EXERCISE REQUIREMENTS: Return exactly the span that opens with the line containing "Sony Wireless Noise" and closes with the final line of the records, both included.

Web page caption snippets
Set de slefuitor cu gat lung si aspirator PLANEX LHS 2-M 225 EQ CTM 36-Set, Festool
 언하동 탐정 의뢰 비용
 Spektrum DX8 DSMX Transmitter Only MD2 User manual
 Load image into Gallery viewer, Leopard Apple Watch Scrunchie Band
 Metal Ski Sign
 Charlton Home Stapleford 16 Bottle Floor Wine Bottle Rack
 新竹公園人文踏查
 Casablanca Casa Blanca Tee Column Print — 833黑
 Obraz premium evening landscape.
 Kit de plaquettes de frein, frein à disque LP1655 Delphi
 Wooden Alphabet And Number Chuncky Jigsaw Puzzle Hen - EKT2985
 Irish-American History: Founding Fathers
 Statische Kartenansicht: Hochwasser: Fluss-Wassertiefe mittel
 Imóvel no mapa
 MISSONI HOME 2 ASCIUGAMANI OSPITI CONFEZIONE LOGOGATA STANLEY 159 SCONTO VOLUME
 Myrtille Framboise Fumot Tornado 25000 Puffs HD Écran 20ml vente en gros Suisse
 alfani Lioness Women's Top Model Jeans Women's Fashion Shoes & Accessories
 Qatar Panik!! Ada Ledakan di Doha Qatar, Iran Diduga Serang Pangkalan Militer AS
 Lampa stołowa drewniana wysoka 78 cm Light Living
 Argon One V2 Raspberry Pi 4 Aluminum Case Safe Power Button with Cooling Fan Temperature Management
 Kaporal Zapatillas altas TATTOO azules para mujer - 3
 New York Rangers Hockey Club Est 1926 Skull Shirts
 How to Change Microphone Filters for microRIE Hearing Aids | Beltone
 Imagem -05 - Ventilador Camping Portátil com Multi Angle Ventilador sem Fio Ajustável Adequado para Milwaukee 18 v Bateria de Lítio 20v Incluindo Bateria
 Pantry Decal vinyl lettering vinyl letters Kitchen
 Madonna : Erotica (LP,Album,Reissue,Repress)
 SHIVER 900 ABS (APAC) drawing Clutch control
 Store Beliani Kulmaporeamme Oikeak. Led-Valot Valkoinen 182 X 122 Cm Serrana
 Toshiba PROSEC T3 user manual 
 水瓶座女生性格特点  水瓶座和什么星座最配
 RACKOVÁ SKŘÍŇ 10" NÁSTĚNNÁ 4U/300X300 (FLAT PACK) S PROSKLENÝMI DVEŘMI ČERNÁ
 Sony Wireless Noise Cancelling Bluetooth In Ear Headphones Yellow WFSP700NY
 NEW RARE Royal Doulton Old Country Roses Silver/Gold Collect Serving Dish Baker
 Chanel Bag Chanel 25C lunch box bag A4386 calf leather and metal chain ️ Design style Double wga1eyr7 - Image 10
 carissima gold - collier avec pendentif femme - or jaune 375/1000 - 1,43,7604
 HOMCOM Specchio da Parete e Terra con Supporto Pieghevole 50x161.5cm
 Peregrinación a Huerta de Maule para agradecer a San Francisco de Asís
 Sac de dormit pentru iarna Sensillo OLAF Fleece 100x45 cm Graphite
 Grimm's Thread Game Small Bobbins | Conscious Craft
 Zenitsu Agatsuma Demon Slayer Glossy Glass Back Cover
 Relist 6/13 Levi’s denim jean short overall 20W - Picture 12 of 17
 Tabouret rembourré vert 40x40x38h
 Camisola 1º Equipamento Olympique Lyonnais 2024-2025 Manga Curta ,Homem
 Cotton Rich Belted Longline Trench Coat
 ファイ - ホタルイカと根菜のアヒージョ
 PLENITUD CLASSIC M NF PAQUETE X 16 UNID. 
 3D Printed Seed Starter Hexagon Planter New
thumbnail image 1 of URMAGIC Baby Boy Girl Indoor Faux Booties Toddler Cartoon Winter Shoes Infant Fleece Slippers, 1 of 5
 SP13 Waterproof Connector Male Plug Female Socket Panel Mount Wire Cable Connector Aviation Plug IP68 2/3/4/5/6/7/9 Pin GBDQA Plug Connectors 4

YOUR RESPONSE:
 Sony Wireless Noise Cancelling Bluetooth In Ear Headphones Yellow WFSP700NY
 NEW RARE Royal Doulton Old Country Roses Silver/Gold Collect Serving Dish Baker
 Chanel Bag Chanel 25C lunch box bag A4386 calf leather and metal chain ️ Design style Double wga1eyr7 - Image 10
 carissima gold - collier avec pendentif femme - or jaune 375/1000 - 1,43,7604
 HOMCOM Specchio da Parete e Terra con Supporto Pieghevole 50x161.5cm
 Peregrinación a Huerta de Maule para agradecer a San Francisco de Asís
 Sac de dormit pentru iarna Sensillo OLAF Fleece 100x45 cm Graphite
 Grimm's Thread Game Small Bobbins | Conscious Craft
 Zenitsu Agatsuma Demon Slayer Glossy Glass Back Cover
 Relist 6/13 Levi’s denim jean short overall 20W - Picture 12 of 17
 Tabouret rembourré vert 40x40x38h
 Camisola 1º Equipamento Olympique Lyonnais 2024-2025 Manga Curta ,Homem
 Cotton Rich Belted Longline Trench Coat
 ファイ - ホタルイカと根菜のアヒージョ
 PLENITUD CLASSIC M NF PAQUETE X 16 UNID. 
 3D Printed Seed Starter Hexagon Planter New
thumbnail image 1 of URMAGIC Baby Boy Girl Indoor Faux Booties Toddler Cartoon Winter Shoes Infant Fleece Slippers, 1 of 5
 SP13 Waterproof Connector Male Plug Female Socket Panel Mount Wire Cable Connector Aviation Plug IP68 2/3/4/5/6/7/9 Pin GBDQA Plug Connectors 4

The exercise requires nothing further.